§ **EXERCISE DESCRIPTION**: For the entries that follow, retype exactly the lines from the one containing "Character AA500 internal" to the one containing "Now obviously you", inclusive, and only those. Images stay out of the copy.

§ **DATASET RECORDS**:
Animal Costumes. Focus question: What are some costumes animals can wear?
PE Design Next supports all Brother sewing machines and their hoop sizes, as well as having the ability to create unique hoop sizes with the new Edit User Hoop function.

* * *

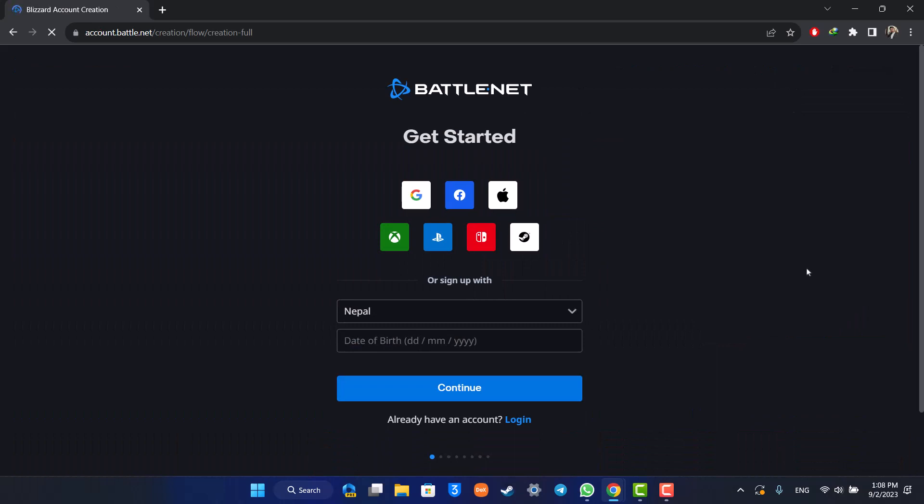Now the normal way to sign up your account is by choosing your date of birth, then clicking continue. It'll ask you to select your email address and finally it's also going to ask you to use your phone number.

---

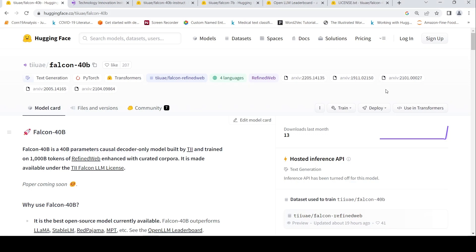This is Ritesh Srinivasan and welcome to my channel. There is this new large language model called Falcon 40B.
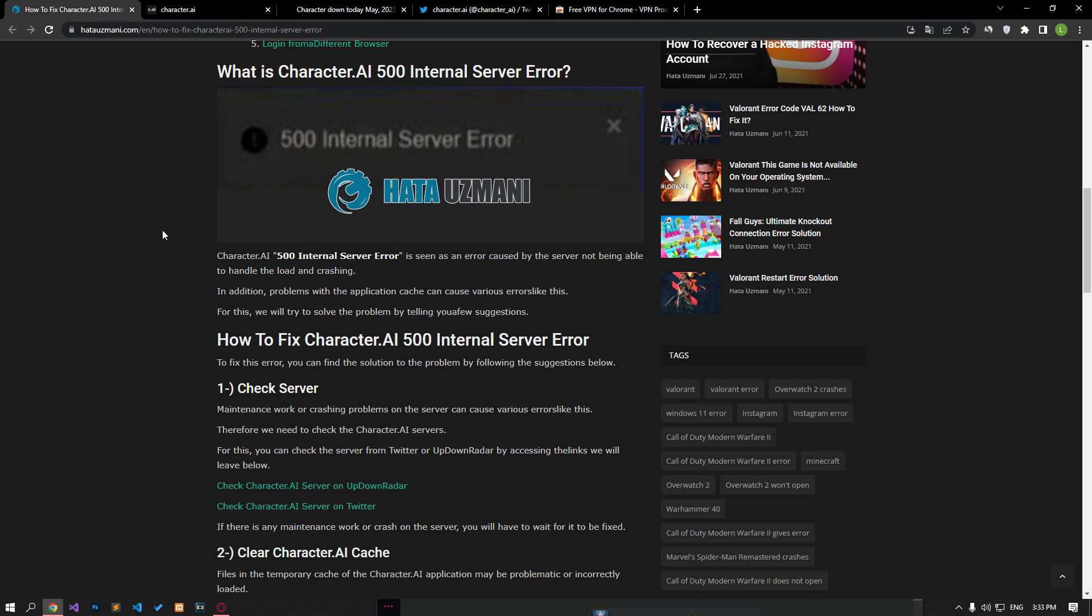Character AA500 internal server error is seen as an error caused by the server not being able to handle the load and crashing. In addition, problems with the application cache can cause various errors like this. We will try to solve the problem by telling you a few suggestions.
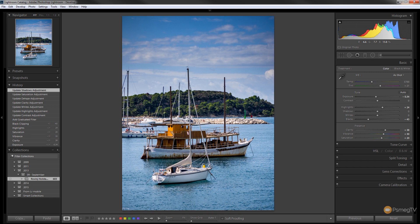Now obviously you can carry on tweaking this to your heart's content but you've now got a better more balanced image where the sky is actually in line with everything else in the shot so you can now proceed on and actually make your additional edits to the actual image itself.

§ **EXERCISE RESULT**:
Character AA500 internal server error is seen as an error caused by the server not being able to handle the load and crashing. In addition, problems with the application cache can cause various errors like this. We will try to solve the problem by telling you a few suggestions.
Now obviously you can carry on tweaking this to your heart's content but you've now got a better more balanced image where the sky is actually in line with everything else in the shot so you can now proceed on and actually make your additional edits to the actual image itself.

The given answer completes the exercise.